Looking at the other comments, you'll see this is in fact the database of questions & answers we used as our source material for the benchmarks. You'll also find the explanation of what I meant by this particular sentence and a preview of how we tested for it.

▲

andrepd 3 days ago | parent [-]

Your statement was

> We were unable to find evidence that the Only Connect games are *in the training materials*.

which is obviously completely false.

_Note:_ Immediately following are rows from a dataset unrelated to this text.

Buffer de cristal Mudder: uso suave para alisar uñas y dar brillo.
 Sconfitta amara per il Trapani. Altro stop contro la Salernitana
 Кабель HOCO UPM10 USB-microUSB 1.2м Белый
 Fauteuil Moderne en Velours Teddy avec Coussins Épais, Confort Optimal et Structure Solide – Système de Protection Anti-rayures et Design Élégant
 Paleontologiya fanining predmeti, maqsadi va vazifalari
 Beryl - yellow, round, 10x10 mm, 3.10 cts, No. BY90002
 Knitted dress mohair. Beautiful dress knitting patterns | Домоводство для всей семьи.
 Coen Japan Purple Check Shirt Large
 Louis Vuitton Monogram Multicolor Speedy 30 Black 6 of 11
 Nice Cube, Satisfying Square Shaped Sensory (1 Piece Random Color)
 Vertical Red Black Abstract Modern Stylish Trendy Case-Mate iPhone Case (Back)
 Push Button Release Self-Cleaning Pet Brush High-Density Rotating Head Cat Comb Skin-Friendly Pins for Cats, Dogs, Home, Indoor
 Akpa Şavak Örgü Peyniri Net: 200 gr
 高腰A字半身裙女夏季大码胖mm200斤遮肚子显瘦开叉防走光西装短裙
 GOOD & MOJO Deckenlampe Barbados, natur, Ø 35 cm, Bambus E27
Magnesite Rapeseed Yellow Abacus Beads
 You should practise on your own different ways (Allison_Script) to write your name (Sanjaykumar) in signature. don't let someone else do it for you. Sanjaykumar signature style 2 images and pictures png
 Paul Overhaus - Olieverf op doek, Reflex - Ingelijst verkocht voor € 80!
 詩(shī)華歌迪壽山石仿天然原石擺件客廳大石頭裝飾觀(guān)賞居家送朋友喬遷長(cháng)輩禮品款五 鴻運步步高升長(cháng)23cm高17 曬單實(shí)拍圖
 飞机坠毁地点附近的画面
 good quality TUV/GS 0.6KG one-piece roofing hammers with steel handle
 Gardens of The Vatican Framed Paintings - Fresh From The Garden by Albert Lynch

You acknowledge as much in another comment when you say

> To clarify what I meant by this: Despite looking, we haven't seen any evidence of any of the models consistently responding based on pre-trained knowledge (outside of easier-to-guess trivia-type questions).

which has nothing to do with what you said x)) Basically: "to clarify, when I said X, I actually meant something else entirely".

But fine, at least now it's not bullshit, it's just vague enough that it wouldn't pass in a 9th grade science project where I went to school.

Just my 2 cents.

-----

If you'd like to explain more how you supposedly concluded that it wasn't returning data in its training set, I'm all ears.

	▲	scrollaway 3 days ago \| parent [-]
		Sorry; I dropped out of school, so I wouldn't know about 9th grade science projects. Would you like to phrase your constructive feedback as an attack instead? (/shrug) Edit after your update: As mentioned in the other comment, the tests were mostly ad-hoc. It's nearly impossible to prove whether something is absent from the training data, but it's possible to put the LLM in a bunch of situations which would be conducive to completing with pre-existing knowledge.